[Image-text web data]
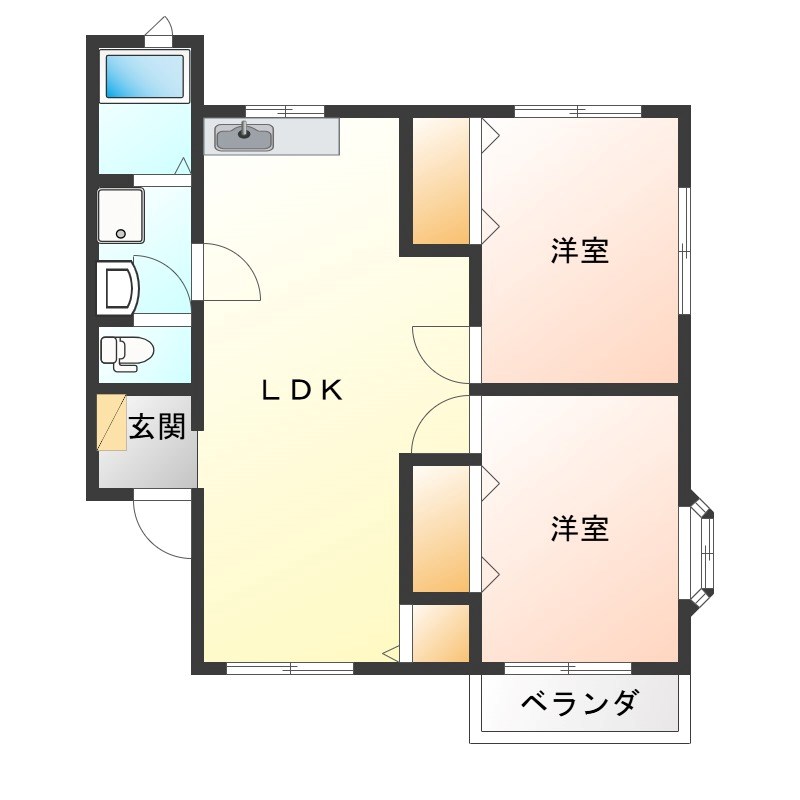 椿マンション 301号室 間取り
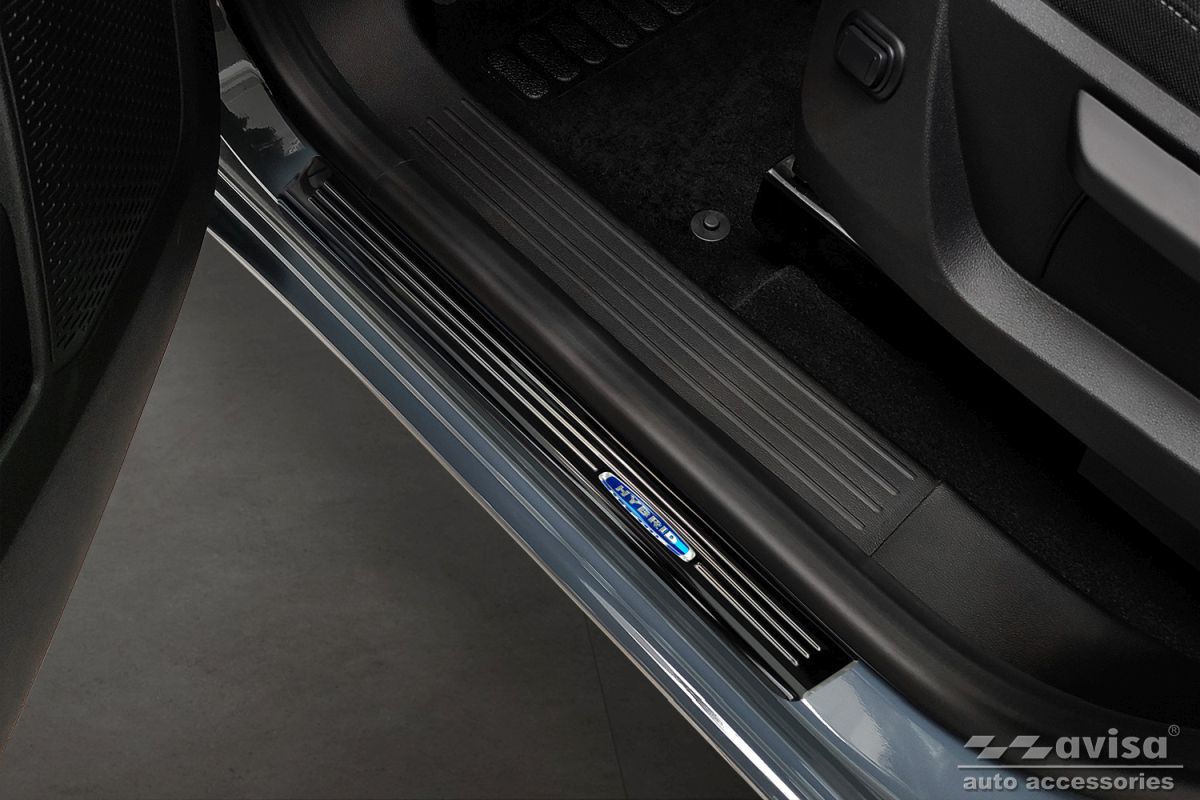 Ochranné kryty prahů, Nissan Townstar, 2021- , Glossy black
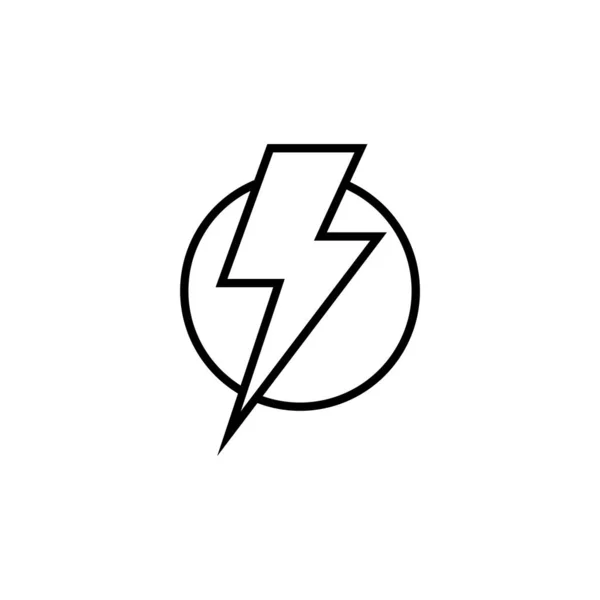 Lightning Icon Web Mobile App Electric Sign Symbol Power Icon — Stockvector
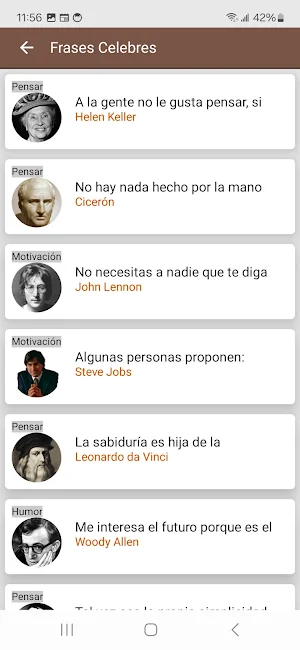 Frases Celebres Screenshot 2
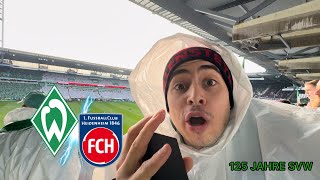 125 JAHRE WERDER BREMEN💚🤍 Einhaken + MEGA CHOREO🤩| WERDER BREMEN vs 1.FC HEIDENHEIM | Stadionvlog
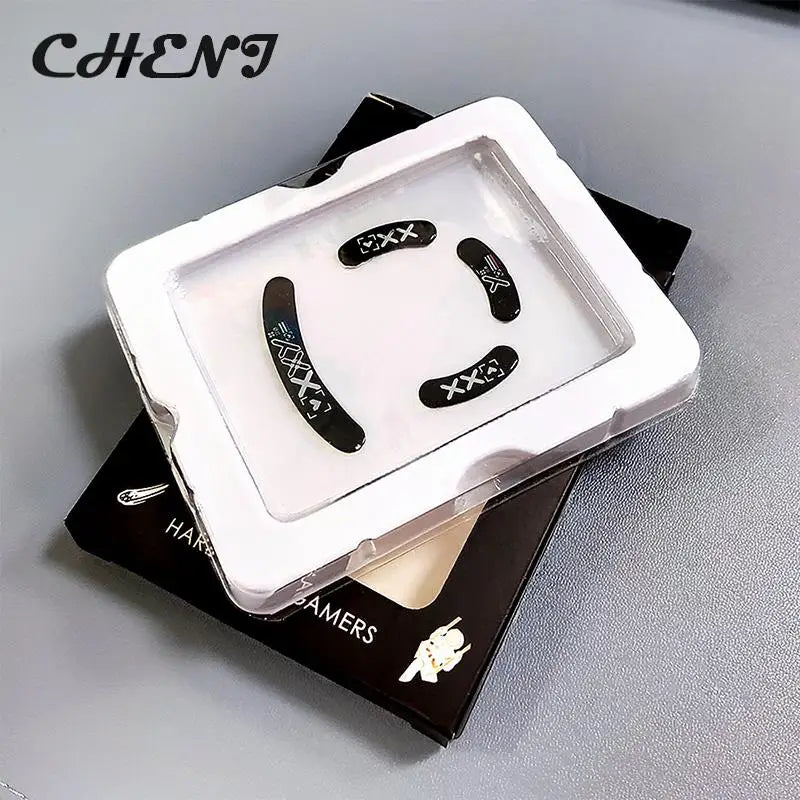 1Pack Glass Mouse Skates Glide Feet Pads Mouse Feet Sticker for G Pro Wireless Rounded Curved Edges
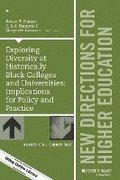 Exploring Diversity at Historically Black Colleges and Universities: Implications for Policy and Practice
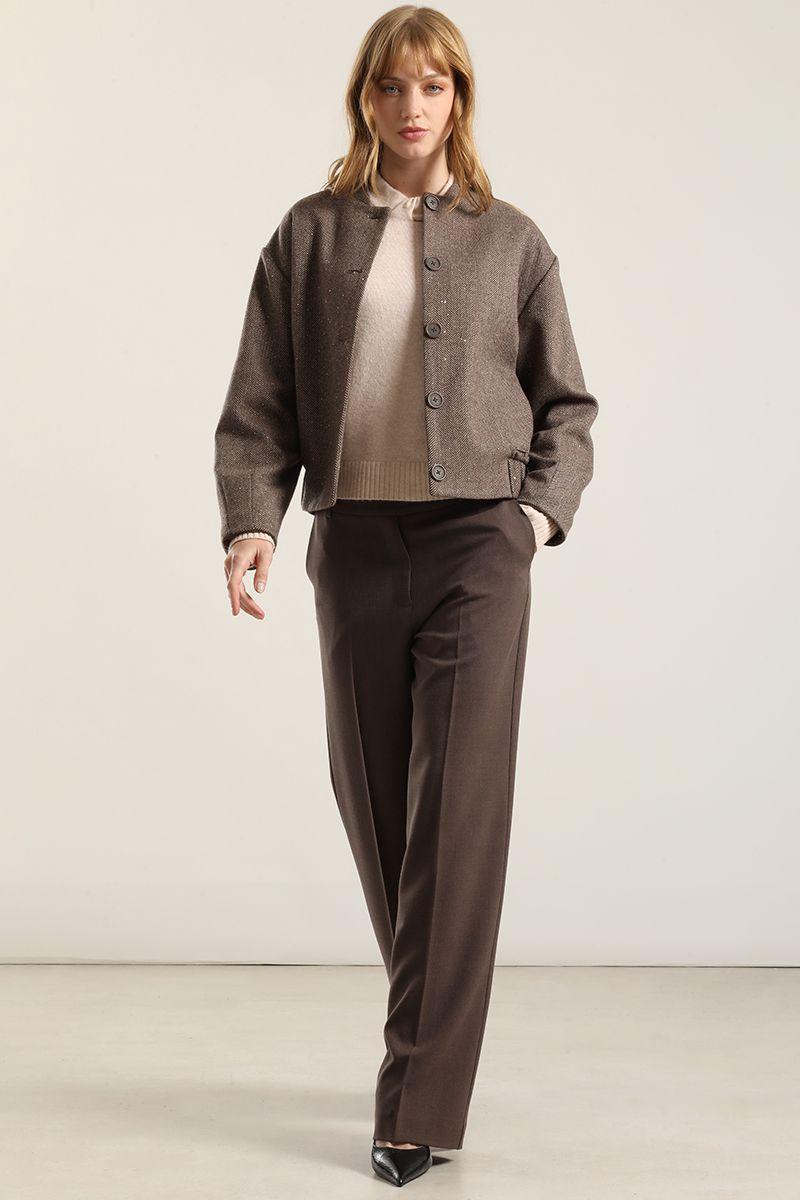 Chaqueta Bomber Micro Lentejuelas, Cafe Liola-1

EXERCISE INSTRUCTIONS → Every line between the one containing "Lightning Icon Web" and the last line of the data above, both included, should be copied exactly, but not the pictures.

RESPONSE →
 Lightning Icon Web Mobile App Electric Sign Symbol Power Icon — Stockvector
 Frases Celebres Screenshot 2
 125 JAHRE WERDER BREMEN💚🤍 Einhaken + MEGA CHOREO🤩| WERDER BREMEN vs 1.FC HEIDENHEIM | Stadionvlog
 1Pack Glass Mouse Skates Glide Feet Pads Mouse Feet Sticker for G Pro Wireless Rounded Curved Edges
 Exploring Diversity at Historically Black Colleges and Universities: Implications for Policy and Practice
 Chaqueta Bomber Micro Lentejuelas, Cafe Liola-1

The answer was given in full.